*** Excerpted data Section Begins ***

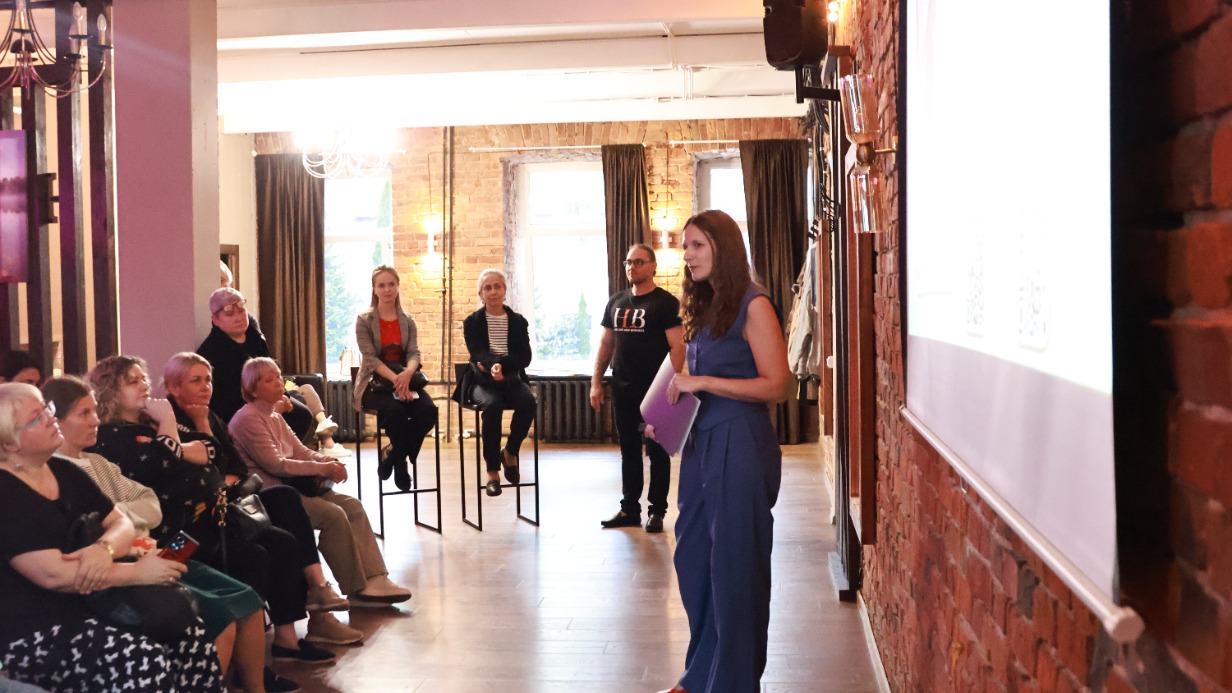 Психологи обсудили ключевые аспекты для воспитания успешного подростка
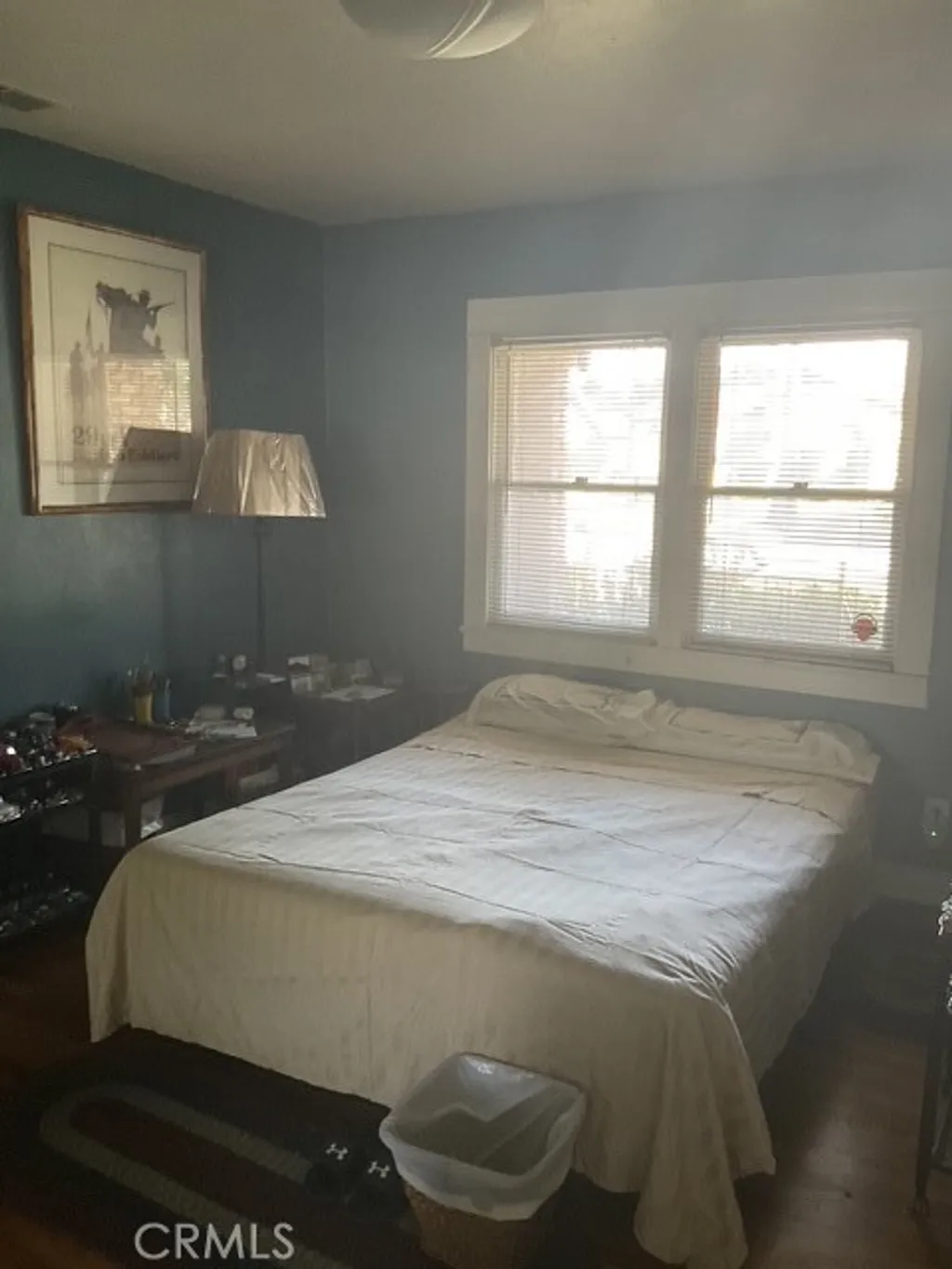 Additional image 16 of 4165 2nd, Los Angeles, CA 90008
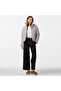 Wnj3427 Lifestyle Women's Pink Jacket - 3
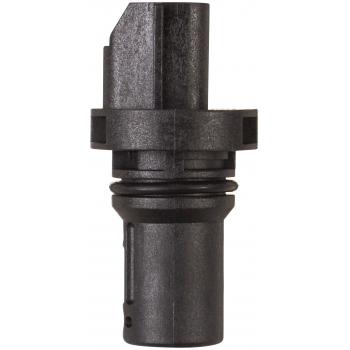 Spectra Premium S10299 Engine Camshaft Position Sensor product image 3 of 5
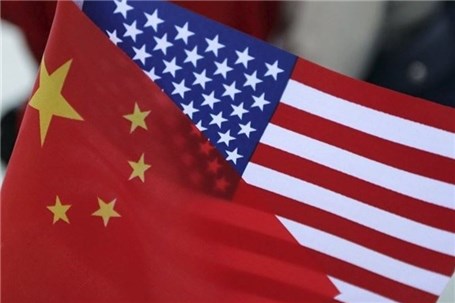 چین تعرفه کالاهای آمریکایی را برداشت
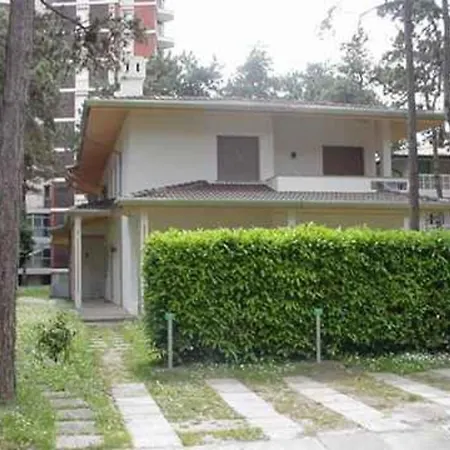 Practical In Lignano With Parking Διαμέρισμα Λινιάνο Σαμπιαντόρο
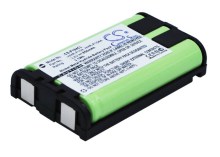 Batteri till Panasonic KX-TG2302 mfl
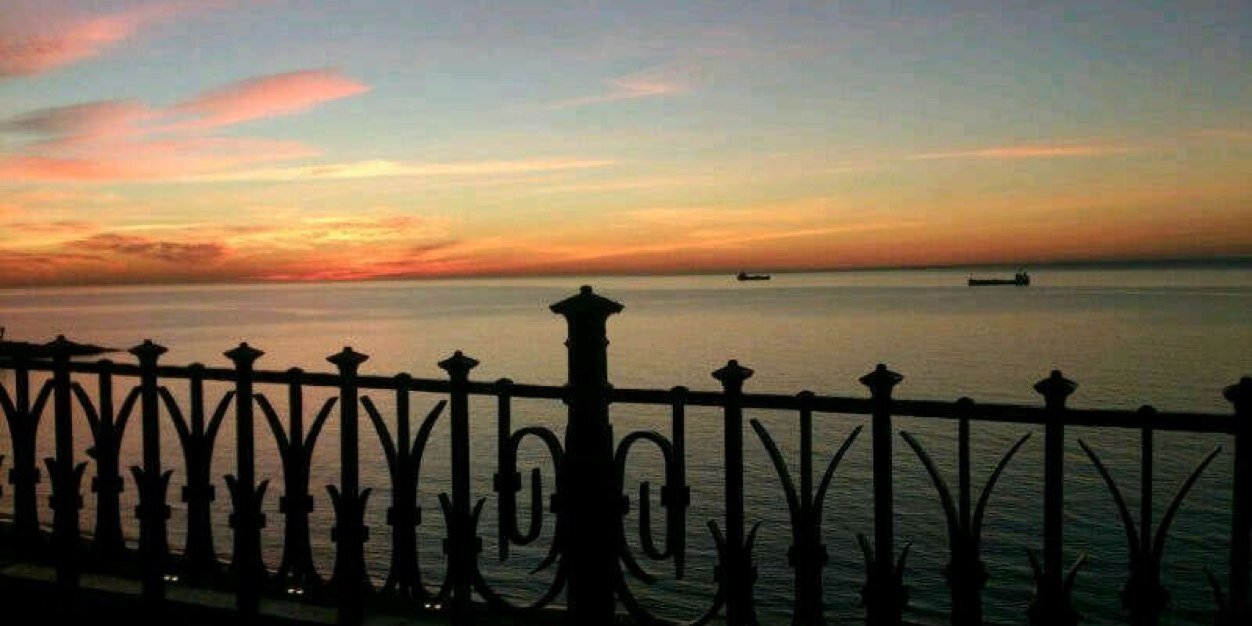 daniel serrano banner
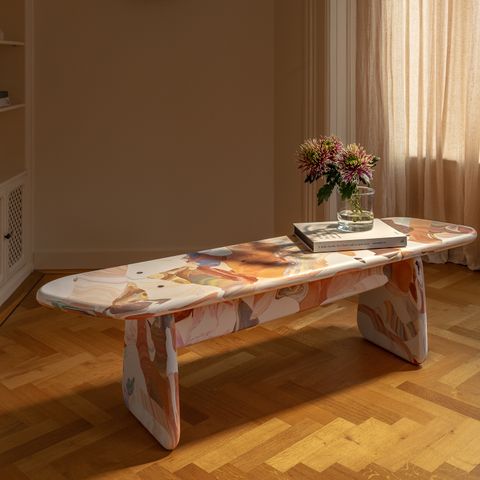 kooij-menhir-bench-4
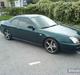 Honda Prelude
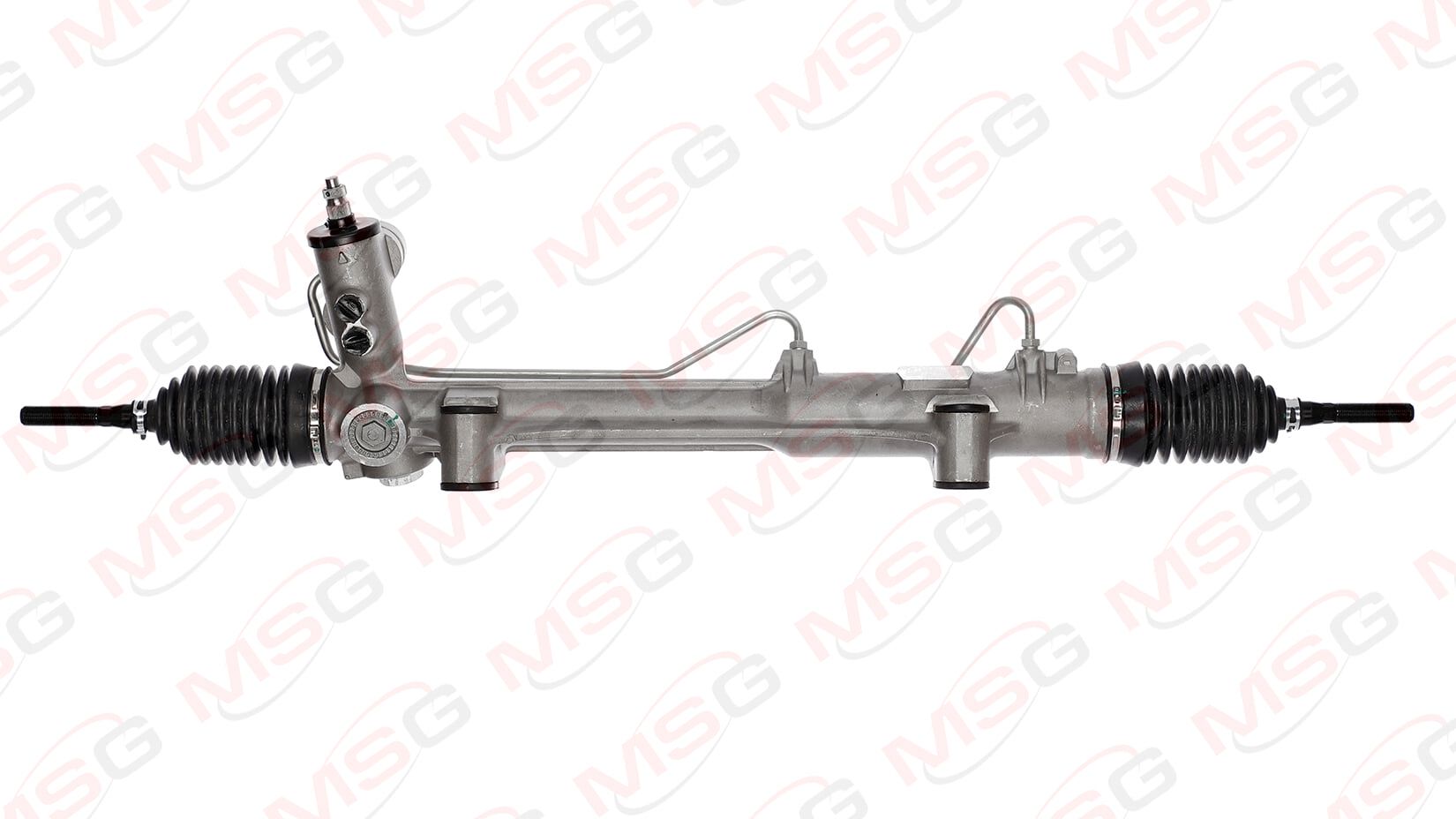Рулевая рейка MSG Mercedes M W163 1998-2002 ME211, A1634600225; A163460022580; A1634600625; A163460062580; A1634600025; A1634600100; 1634600225; 163460022580; 1634600625; 163460062580; 1634600025; 1634600100; 2836101; R22791NW; R22791RB; R22792RB; ME211;
Рулевая рейка MSG Mercedes M W163 1998-2002 ME211, A1634600225; A163460022580; A1634600625; A163460062580; A1634600025; A1634600100; 1634600225; 163460022580; 1634600625; 163460062580; 1634600025; 1634600100; 2836101; R22791NW; R22791RB; R22792RB; ME211;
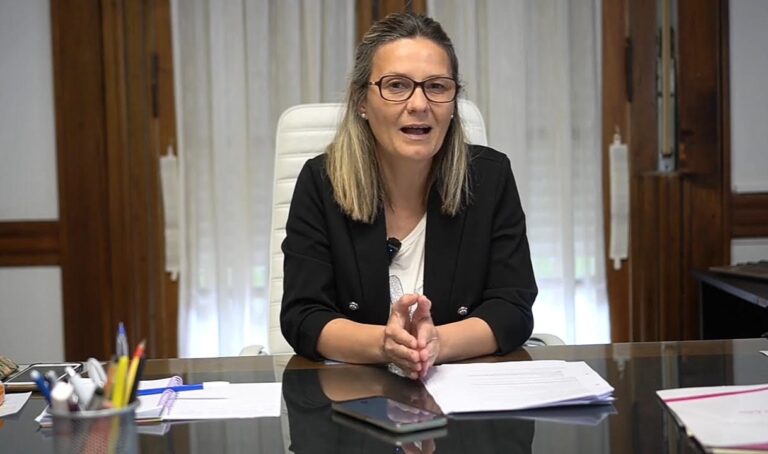 San Cayetano: Gentile afirmó que «siempre se trabajó con buena fe»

*** Excerpted data Section Ends ***

Exercise details: Your answer must be the lines from the one containing "Practical In Lignano" through the last line of the records, both included, written out exactly and without pictures.

Answer to this exercise:
 Practical In Lignano With Parking Διαμέρισμα Λινιάνο Σαμπιαντόρο
 Batteri till Panasonic KX-TG2302 mfl
 daniel serrano banner
 kooij-menhir-bench-4
 Honda Prelude
Рулевая рейка MSG Mercedes M W163 1998-2002 ME211, A1634600225; A163460022580; A1634600625; A163460062580; A1634600025; A1634600100; 1634600225; 163460022580; 1634600625; 163460062580; 1634600025; 1634600100; 2836101; R22791NW; R22791RB; R22792RB; ME211;
Рулевая рейка MSG Mercedes M W163 1998-2002 ME211, A1634600225; A163460022580; A1634600625; A163460062580; A1634600025; A1634600100; 1634600225; 163460022580; 1634600625; 163460062580; 1634600025; 1634600100; 2836101; R22791NW; R22791RB; R22792RB; ME211;
 San Cayetano: Gentile afirmó que «siempre se trabajó con buena fe»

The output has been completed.